Hernandez indicated that defense-related credit unions are currently provided with office space and/or land -- including ATM placement -- at no cost. The proposed legislation, he said, is aimed at strengthening the military banking program.
A robust Military Banking Program, he added, includes both military banks and defense credit unions.
“Unfortunately, it is harder for military banks to justify continued operations considering the sharp rise in lease costs and pressure to maintain stockholder returns,” Hernandez explained. “In fact, many military banks have already left their military installations, resulting in defense credit unions being the sole financial institution on base. On the surface, this appears to favor defense credit unions. Yet, it is only a matter of time before defense credit unions are similarly affected -- particularly as installations open their gates under public-private partnership arrangements, that is, more people using base services and facilities, and with the rise in community charters (that is, not just DoD-related entities). It is also unclear how this would affect the ‘one-bank/one credit union’ policy going forward.”

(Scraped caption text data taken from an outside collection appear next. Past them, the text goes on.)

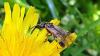 334746 – Photo : Jean VINCENT – France (38)
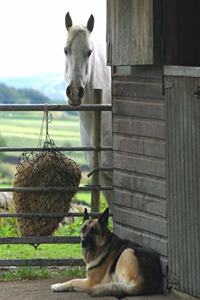 Horse Photo School Composition Book Equine Horse and Dog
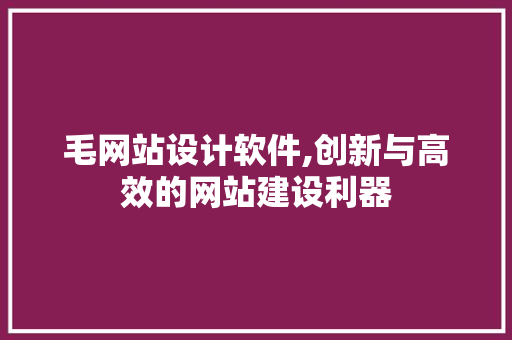 毛网站设计软件,创新与高效的网站建设利器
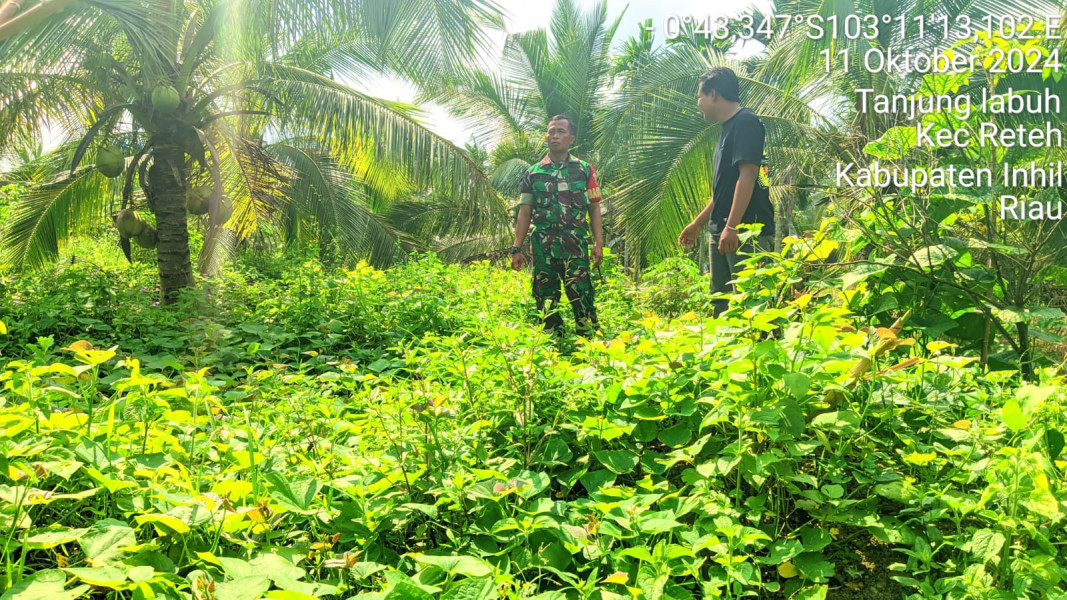 Cegah Kebakaran Lahan, Babinsa Koramil 07/Reteh Lakukan Pemantauan Terhadap Karhutla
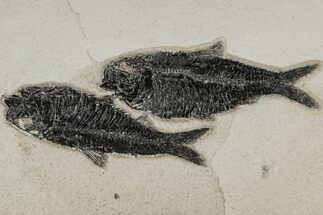 Shale With Two Fossil Fish (Knightia) - Wyoming #211235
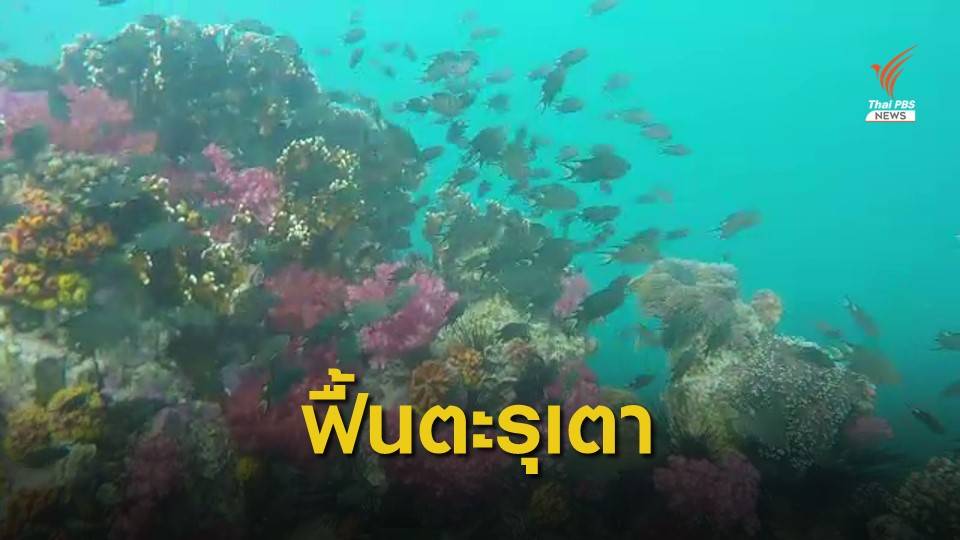 THE EXIT : ฟื้นชีพ "ตะรุเตา" ตอน 2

Hernandez believes that ultimately, both the military members and their military units could be “negatively affected” with a diminished Military Banking Program.
For instance, he noted, the Defense Department is not authorized to provide financial services. “It is much easier to conduct personal business on base versus taking time off to drive downtown,” he observed. ”Mobile apps are useful, however brick and mortar (with real people) are still important for community purposes. Mobile apps are not as useful in deployment lines, particularly with younger troops getting their financial affairs in order for the first time.”
More importantly, having both a military bank and defense credit union promotes choice and competition for the benefit of the service members, he elaborated.
“The financial readiness and resilience of our troops depend on the continued presence of banks and credit unions on our nation’s military installations,” he said. “In addition to the financial services and support they provide, all on-base financial institutions must provide financial education to everyone on the installation. Given recent changes in the retirement system and its reliance on the market, financial education is vital. Having more resources on base to provide this education is better and prudent.”
The NDAA conference committee is currently considering the amendment and will wrap up its work later in July.